What needs to be done
Print each line below verbatim, skipping every picture.

Supplied information
-.-.-

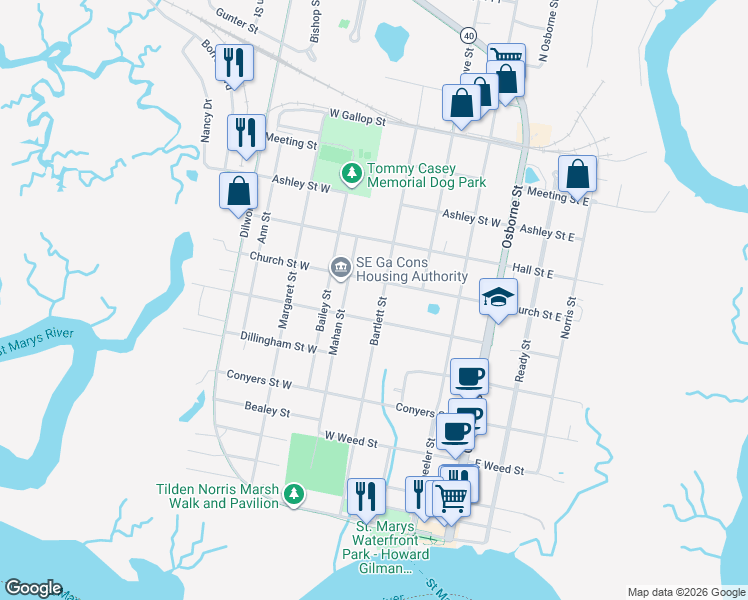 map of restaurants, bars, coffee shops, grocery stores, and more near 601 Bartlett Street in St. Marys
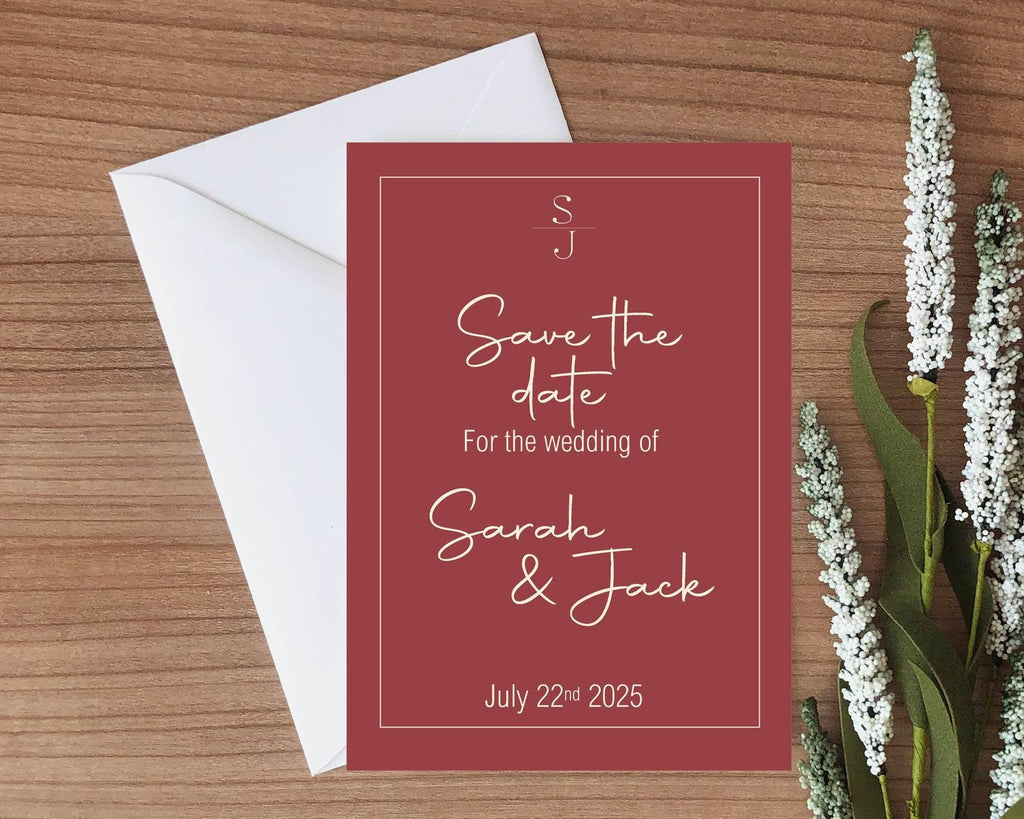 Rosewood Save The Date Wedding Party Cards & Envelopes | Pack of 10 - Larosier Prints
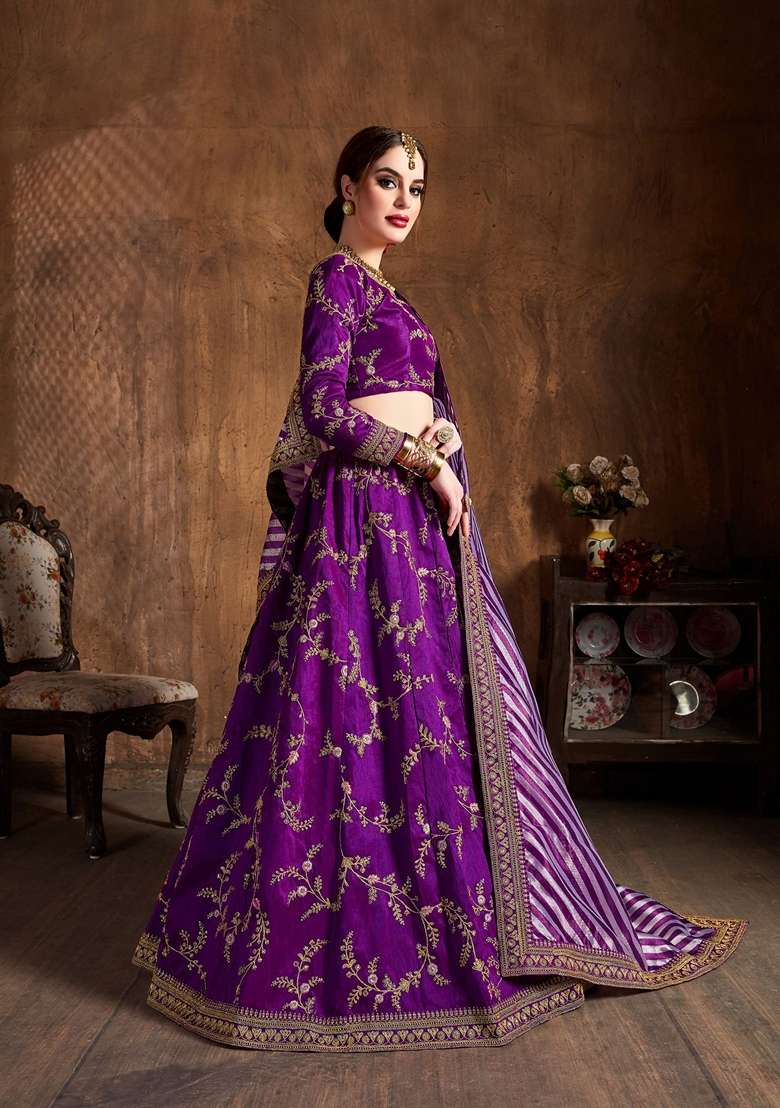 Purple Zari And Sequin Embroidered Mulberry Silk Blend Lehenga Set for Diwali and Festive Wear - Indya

-.-.-

Task response
 map of restaurants, bars, coffee shops, grocery stores, and more near 601 Bartlett Street in St. Marys
 Rosewood Save The Date Wedding Party Cards & Envelopes | Pack of 10 - Larosier Prints
 Purple Zari And Sequin Embroidered Mulberry Silk Blend Lehenga Set for Diwali and Festive Wear - Indya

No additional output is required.